The review question is:

which file produced by the preparation rule appears in the summary rule's input:?

If the answer is "none," then there is no dependency.

Snakemake does not know that one shell command feels like preparation for another. It only knows the declared file relationships.

This is one of the most important habits in the whole course:

  • stop explaining workflows in terms of vague step order
  • start explaining workflows in terms of file edges

The role of rule all

rule all is often introduced as a default target. That is true, but incomplete.

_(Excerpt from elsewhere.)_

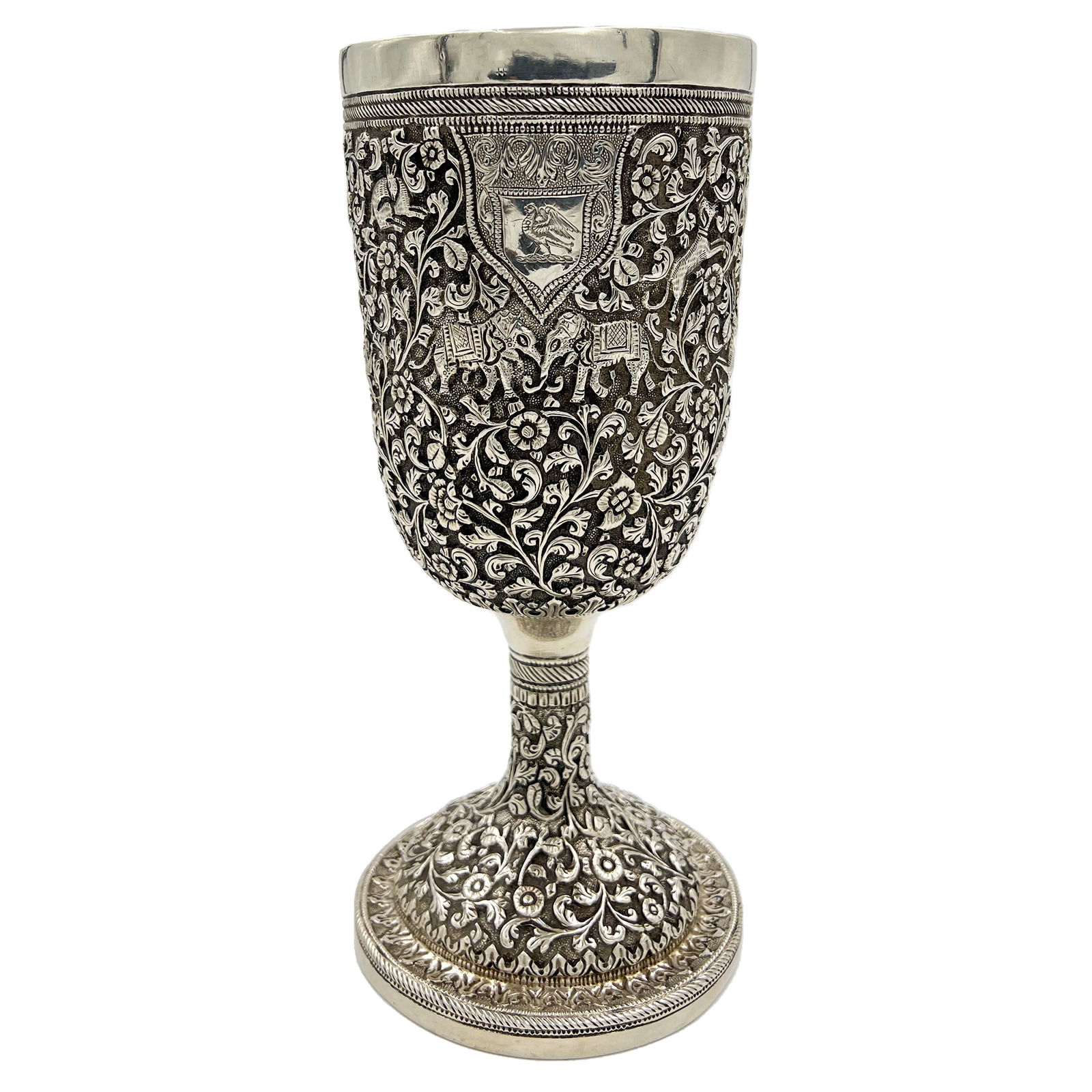 A FINE QUALITY LARGE INDIAN SILVER GOBLET WITH INTRICATE DECORATION (1 of 4)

Its deeper job is to define the finished artifact set for normal use.

A good rule all:

  • names the outputs you or a CI user actually care about
  • keeps internal helper files out of the public completion surface
  • makes dry-runs and summaries easier to interpret

A weak rule all does one of two bad things:

  • it is too small, so important outputs are not part of ordinary workflow truth
  • it is too broad, so private or temporary files become part of the public contract

This matters because the chosen target surface shapes how the entire DAG is built.

A small diagnostic loop

When a rule behaves unexpectedly, use this loop:

  1. ask what target was requested
  2. ask which rule output matches that target
  3. ask which input files justify the next upstream jobs
  4. inspect the planned DAG before changing code

The commands are simple:

snakemake -n
snakemake --summary
snakemake --dag | dot -Tpdf > dag.pdf

Each one answers a different piece:

  • -n: what would run
  • --summary: who owns which outputs
  • --dag: how the planned jobs depend on one another

These commands are more educational than rerunning the workflow blindly.

An example of the right explanation

Weak explanation:

Snakemake skipped my preprocessing rule for some reason.

Stronger explanation:

The requested target was results/report.tsv. That target matched build_report, whose input: did not include the preprocessing output. The preprocessing rule therefore had no edge into the requested DAG and could not be scheduled.

That second explanation is much stronger because it names the contract defect precisely.

Failure signatures worth recognizing

"I wrote a rule and nothing happened"

That usually means no requested target depends on its output.

"The jobs ran in a strange order"

That usually means you expected textual order to matter more than file edges.

"The workflow needs a step, but Snakemake does not know that"

That usually means the step was described operationally instead of through declared files.

"A helper file is getting built even though nobody asked for it"

That often means the helper file accidentally became part of the target surface through rule all or through another broad output path.

What this page wants you to remember

Snakemake does not run stories. It runs file contracts.

If you can answer these three questions, you understand the core of the system:

  1. what file was requested
  2. which rule can publish it
  3. which upstream files make that publication possible

That is the foundation for everything else in Module 01.